▶ [Exercise inputs]
□ □ □ □ □ □ □

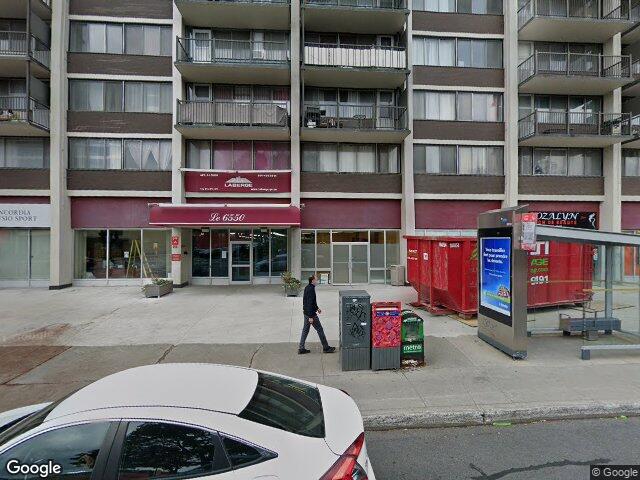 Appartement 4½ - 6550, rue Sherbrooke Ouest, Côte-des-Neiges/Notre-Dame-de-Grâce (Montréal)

□ □ □ □ □ □ □

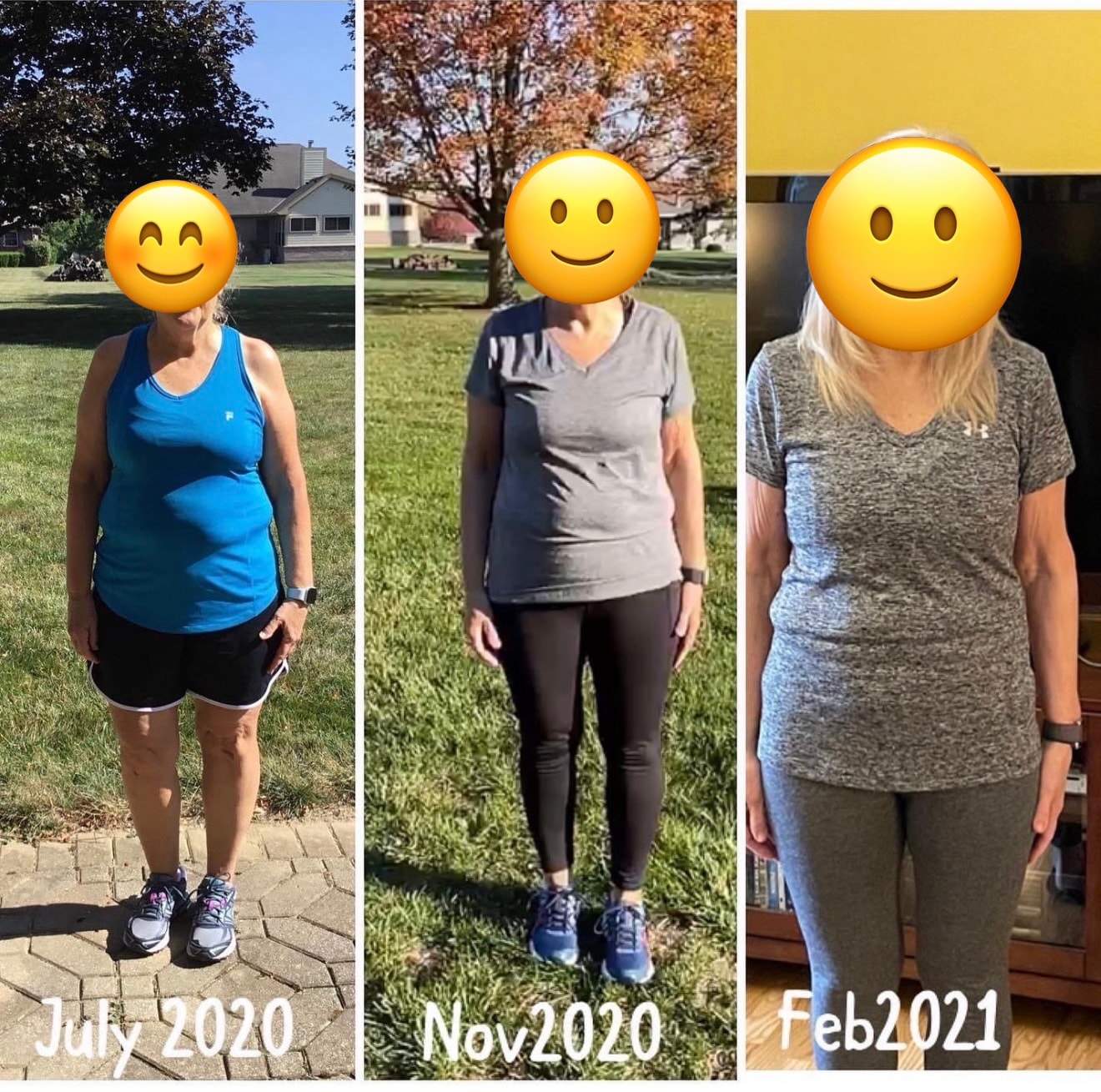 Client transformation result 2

□ □ □ □ □ □ □

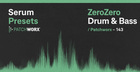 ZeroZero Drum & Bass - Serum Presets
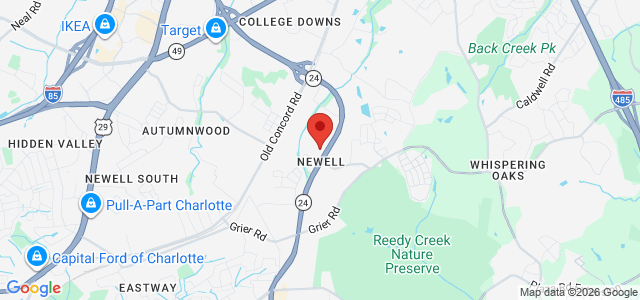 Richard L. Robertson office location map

□ □ □ □ □ □ □

▶ [Problem]
Transcribe the listing above exactly, but only from the line with "ZeroZero Drum & Bass - Serum Presets" through the line with "Richard L. Robertson office location map". Include both of those lines and omit the pictures.

▶ [Task solution]
 ZeroZero Drum & Bass - Serum Presets
 Richard L. Robertson office location map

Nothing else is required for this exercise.